Rb R'dam 070307 brugklasser valt bij bokspringen; Rb acht deskundigenoordeel noodzakelijk
- Meer over dit onderwerp:
Rb R'dam 07-03-07 brugklasser valt bij bokspringen; Rb acht deskundigenoordeel noodzakelijk
5.1 In geschil is of de gemeente, als exploitant van de school, aansprakelijk is voor de schade die [kind], zijn moeder en stiefvader als gevolg van diens val bij het bokspringen op 11 februari 2005 stellen te hebben geleden. Daarbij heeft [eiser] aan haar vordering ten grondslag gelegd dat de school jegens [kind] is tekortgeschoten in de op haar rustende zorgplicht door - kort samengevat - 12- en 13-jarige medeleerlingen bij het bokspringen in te zetten als vangers, de getroffen veiligheidsmaatregelen af te stemmen op de leeftijdsgroep van 12- en 13-jarigen terwijl [kind] 10 jaar oud was en door het opstellen van de bok over te laten aan deze leeftijdsgroep.

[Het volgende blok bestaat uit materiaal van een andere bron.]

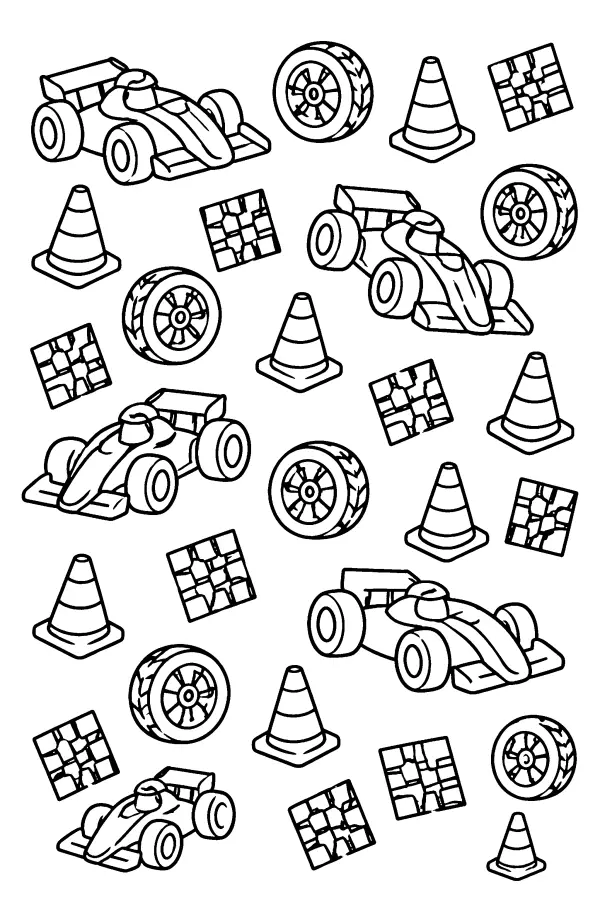 Coloriage motif de voitures de course et pneus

5.2 De rechtbank stelt voorop dat het hier gaat om letsel dat is ontstaan bij een gymnastiekoefening onder leiding van een door de school aangestelde (kennelijk ook gekwalificeerde) docente lichamelijke opvoeding, waarbij de te beantwoorden vraag is of deze docente bij het leiding geven en de school bij haar aanstelling gelet op alle omstandigheden van het geval, zijn tekortgeschoten in de zorg die van hen jegens de leerlingen van de gymnastiekoefening kan worden gevergd. Met name komt het aan op de vraag of er bij de bewuste gymnastiekles voldoende en passende voorzorgsmaatregelen zijn getroffen ter voorkoming of beperking van het risico van een ongeval en de gevolgen daarvan. Enerzijds moeten in een gymlessituatie in de brugklas van een middelbare school diverse onderdelen van het turnen zinvol geoefend kunnen worden, anderzijds mag van de betrokken docent worden verwacht dat deze de onvermijdelijk aan deze oefeningen verbonden risico’s op een professionele wijze minimaliseert.
5.3 Voor de beantwoording van de onder 5.2 vermelde vraag, heeft de rechtbank behoefte aan voorlichting door een onafhankelijk deskundige. Gelet op de aan de deskundige voor te leggen vraagstelling, zoals deze hierna nog aan de orde komt, kan de rechtbank zich voorstellen dat als deskundige zou kunnen fungeren een aan een Academie voor Lichamelijke Opvoeding (ALO) verbonden docent turnen.
5.4 Partijen twisten verder over de feitelijke toedracht van de val. [eiser] stelt dat de val is veroorzaakt doordat [kind] bij zijn sprong niet is opgevangen door de twee medeleerlingen (vangers) die achter de bok stonden opgesteld in combinatie met een verkeerd opgestelde bok. De gemeente stelt daarentegen dat [kind] wel degelijk is opgevangen door deze vangers en pas nadat hij op de mat was geland is gestruikeld. Ook stelt de gemeente dat een bok niet verkeerd kan staan (hij staat in de breedte of in de lengte).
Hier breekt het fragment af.